What does food mean to you?

Now I know that some people are very interested in food, while others are less interested. At one end of the spectrum are those for whom the creation and appreciation of food is a life purpose, the chefs and the cooks, the restaurant critics and the food writers. At the other end of the scale are those who seem not to enjoy eating and profess to consider the consumption of food as a boring necessity. Sitting on the foodie end of the middle ground, I struggle to understand this group as I’ve only ever, briefly, been uninterested in food when ill or recently bereaved. And although around the world, meals and the customs around them vary enormously, there is no culture on earth that does not value food.

Whatever the meaning of food, its purpose — successful breatharians excepted — is undeniable. Food is the building block of life and health. Food is not just part of the human experience, it’s the condition for it.

And yet it seems that food has become controversial. Farming is a ‘problem’ and should be reduced or abolished. Eating preferences have become a matter of morality and people need to be educated into making the correct choices.
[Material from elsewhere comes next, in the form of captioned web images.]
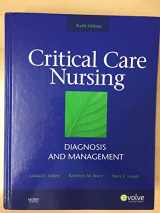 9780323057486-0323057489-Critical Care Nursing: Diagnosis and Management (Thelans Critical Care Nursing Diagnosis)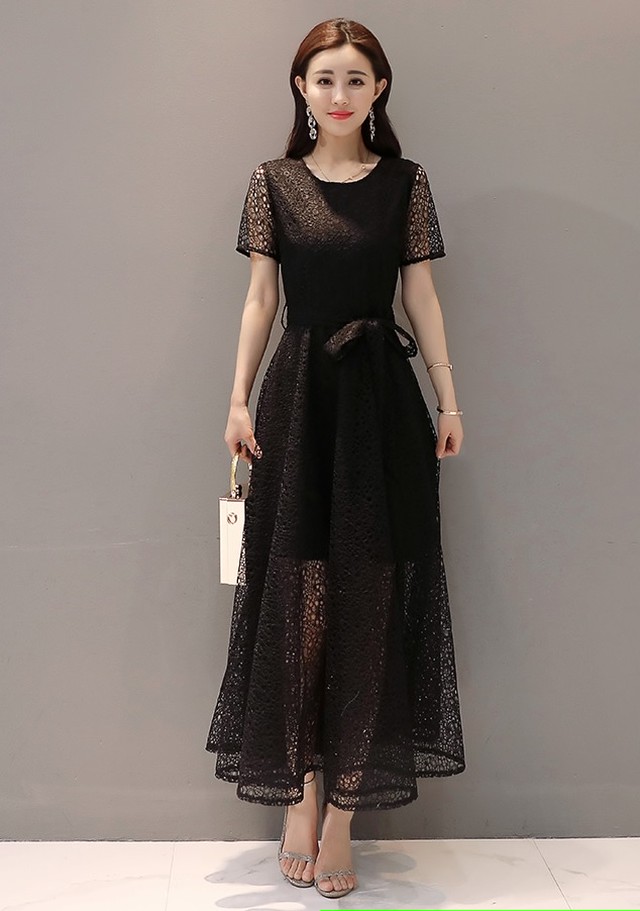 結婚式 ロングワンピース コーデ Khabarplanet Com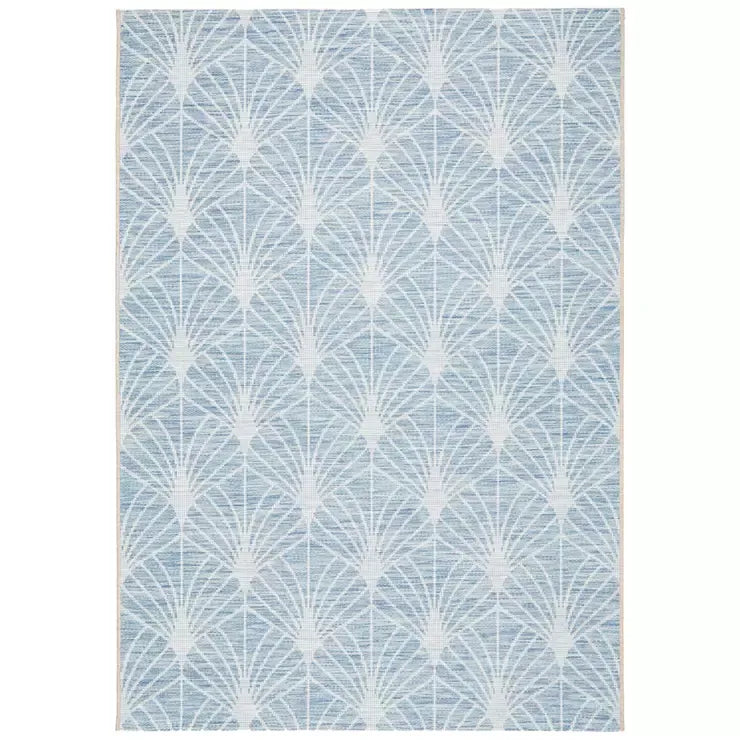 Terrace Rug 290 x 200cm for Indoor and Outdoor Use - Blue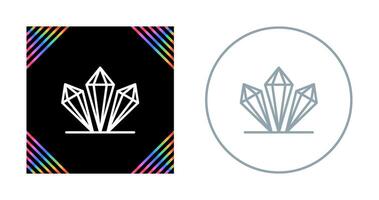 Crystal Vector Icon
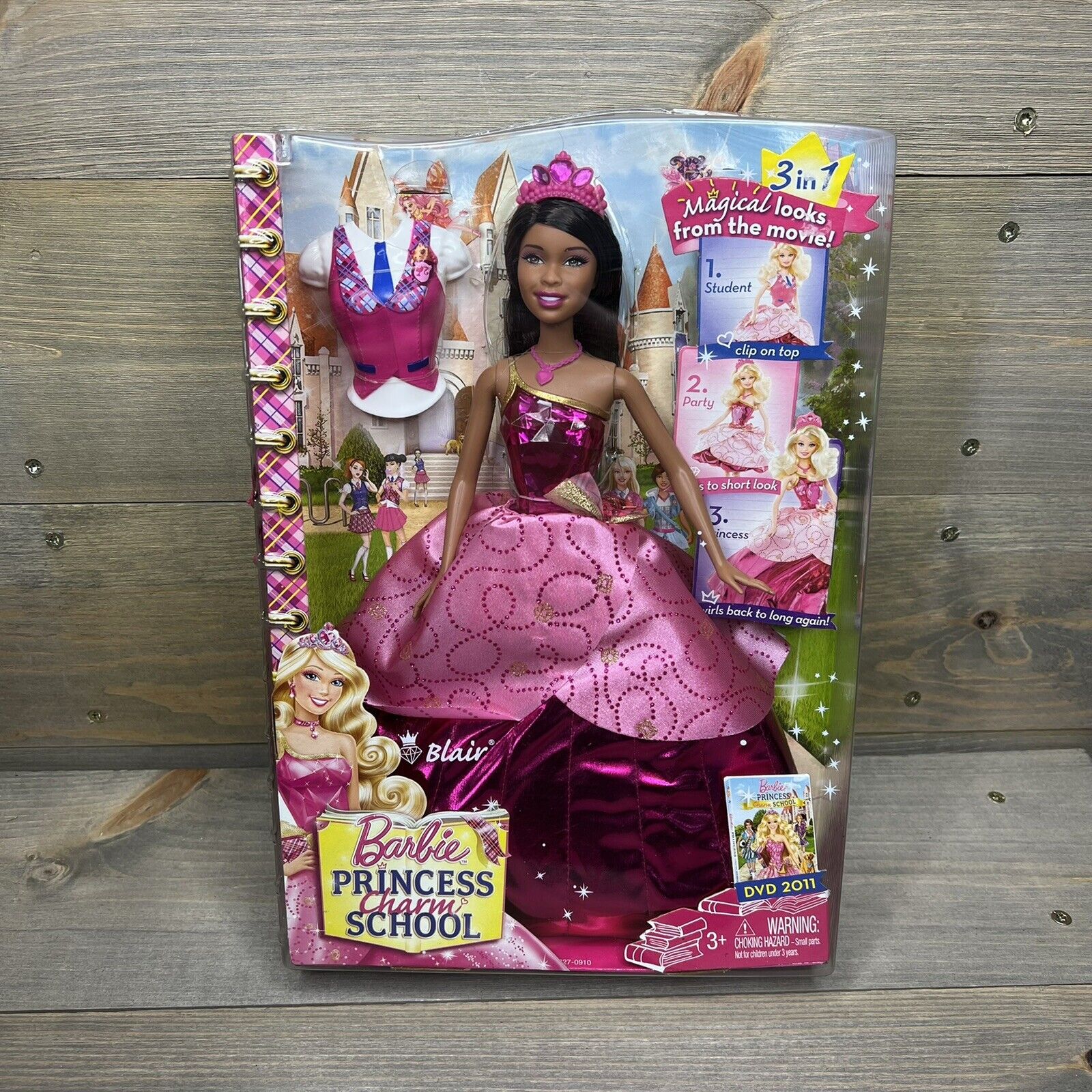 Barbie(バービー) Princess Charm School Princess Blair Transforming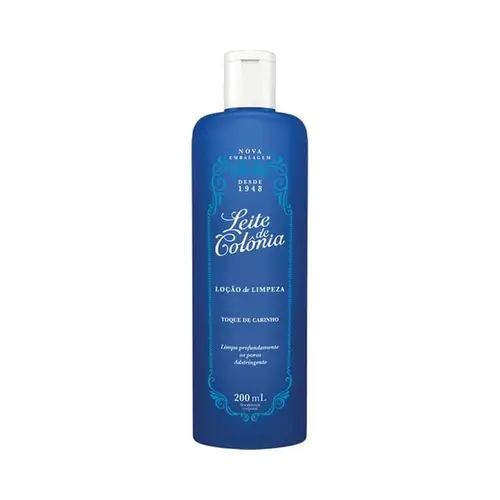Leite Colônia Toque de Carinho 100ml
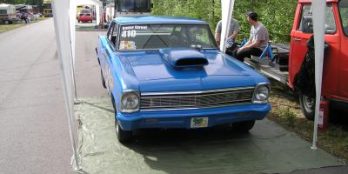 Chevrolet Nova 66-67 Stötfångare Fram och Bak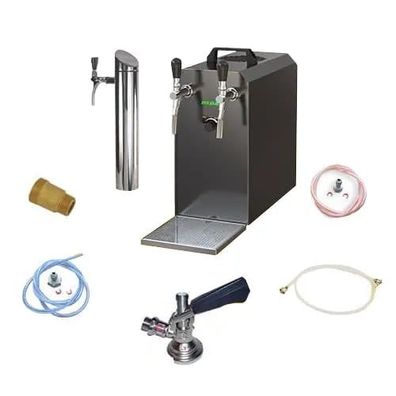 STREAM 50K Untertheken-Set Bierzapfanlage 55 l/h 2-leitig Luftpumpe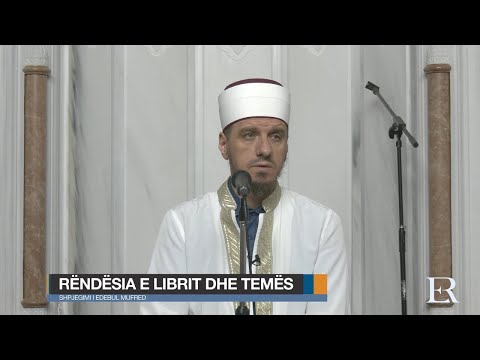 Shpjegimi i Edebul Mufred | 03. Rëndësia e librit dhe temës - Enis Rama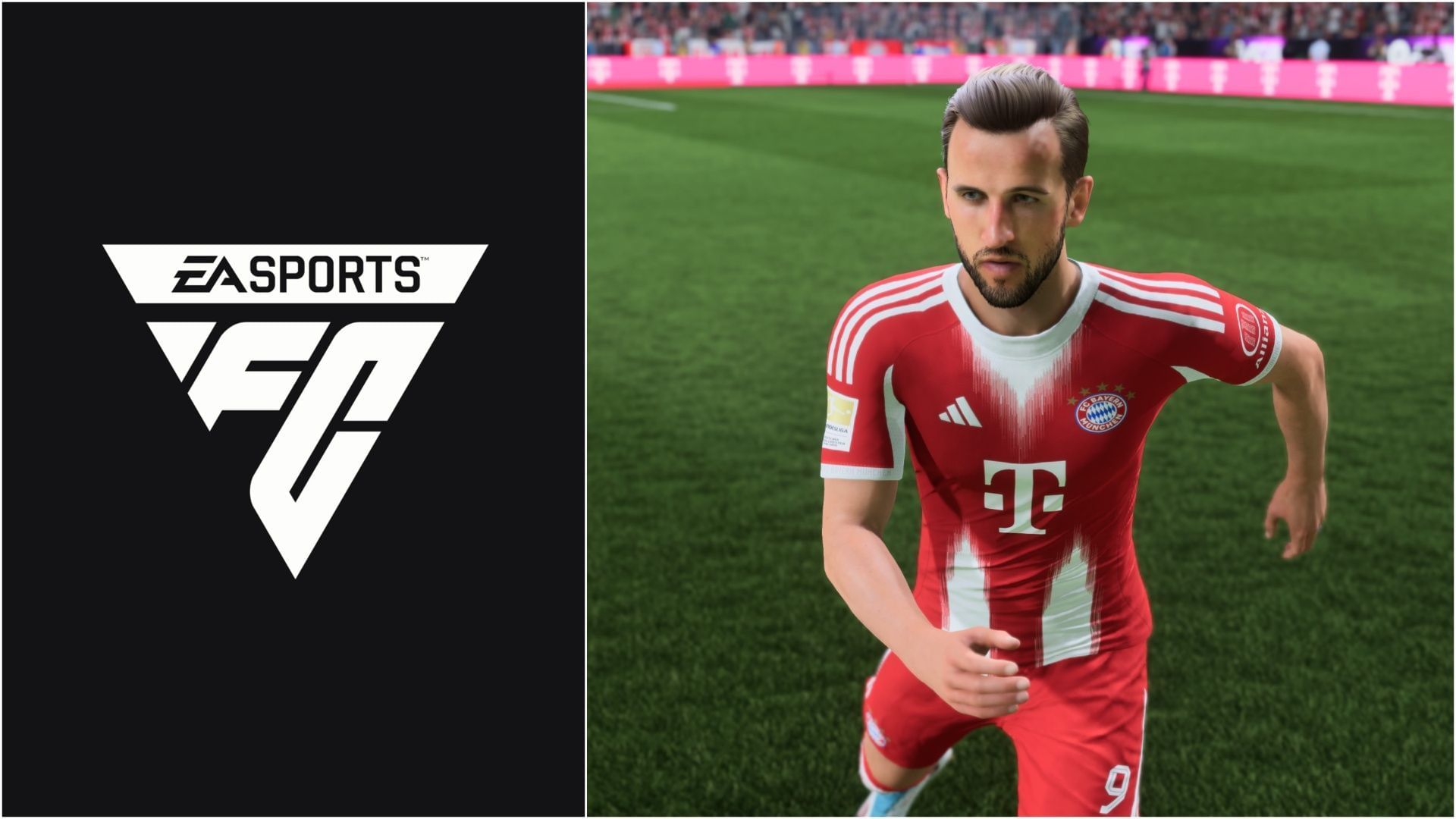 POTM Kane has been leaked (Images via EA Sports/Sportskeeda Gaming)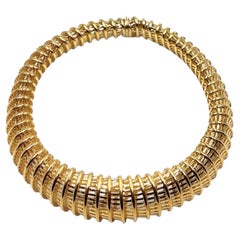 18 Karat Yellow Gold Necklace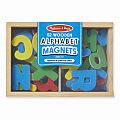 448 Wooden Alphabet Magnets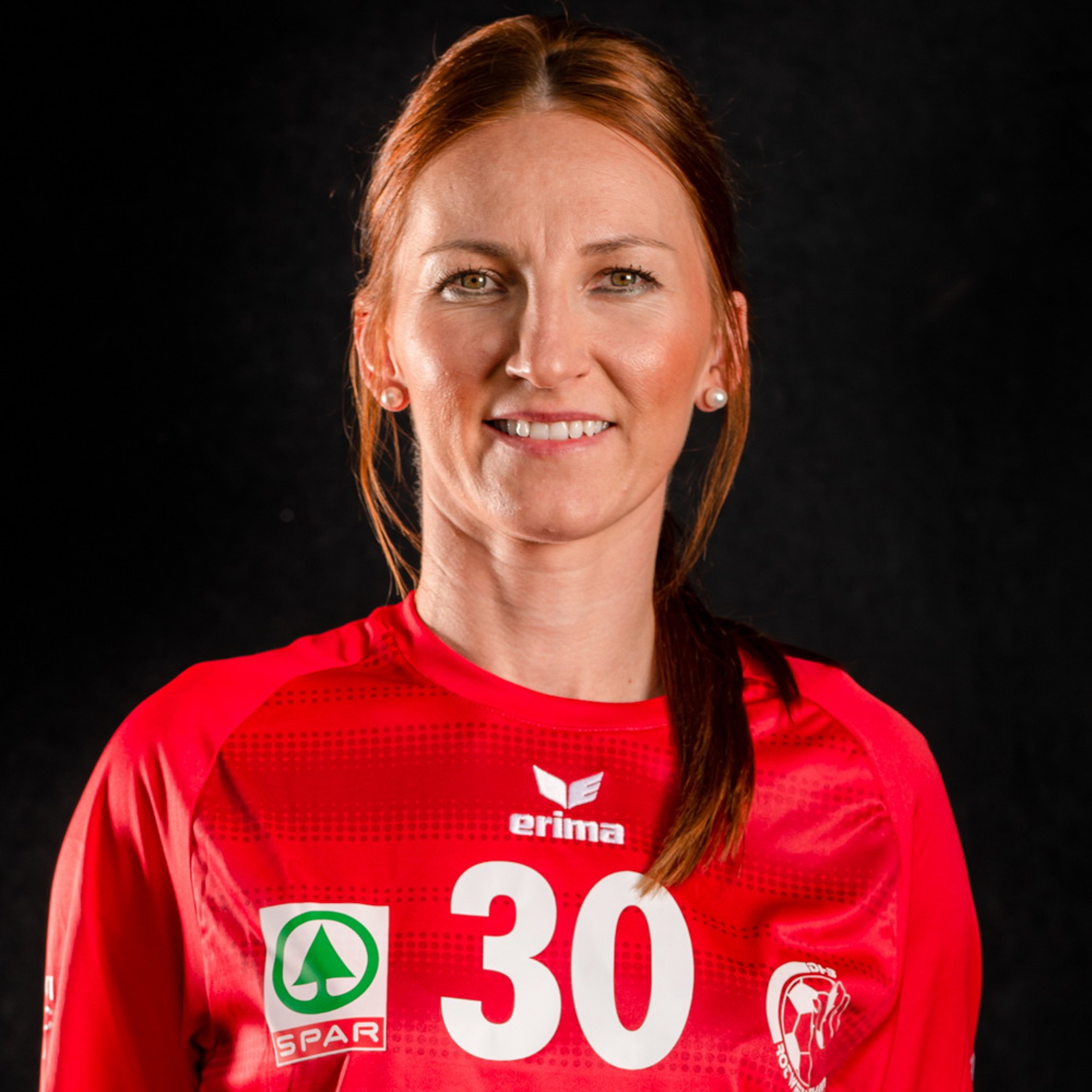 Lucia Weibelova, die älteste Spielerin der SPL1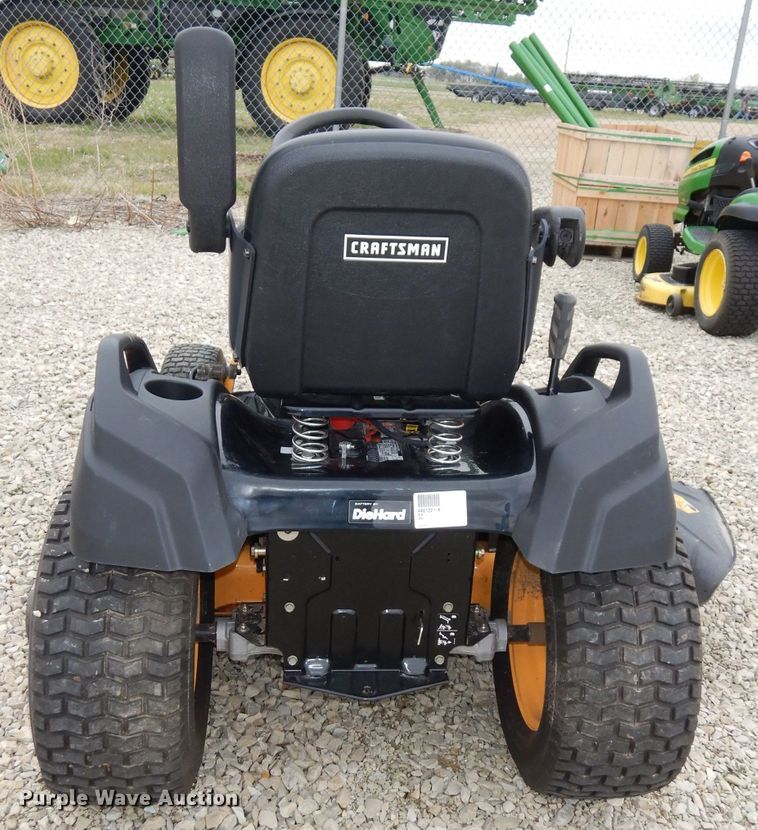 image for item KM9518 2016 Craftsman 8600 Pro Series  lawn mower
The farmers protests that have been going on in various European countries for the past two years –barely covered in the mainstream media — are a symptom of this. Recently, with British farming under threat, tractors finally reached Westminster. Almost half the country’s fruit and veg producers fear they will go out of businesses within the next year, according to this research, and the government is actively encouraging farmers to stop farming with pay-offs of up to £100 000.

It is all most baffling. How is it that advanced societies have become so confused about food? Of all the things we humans have known how to do during our time on this planet, it is surely how to eat, and our survival is proof of our resourcefulness in finding food in the most difficult conditions. Yet these days it seems that how and what we feed ourselves is suddenly up for question in a manner that has never happened before.

What is going on?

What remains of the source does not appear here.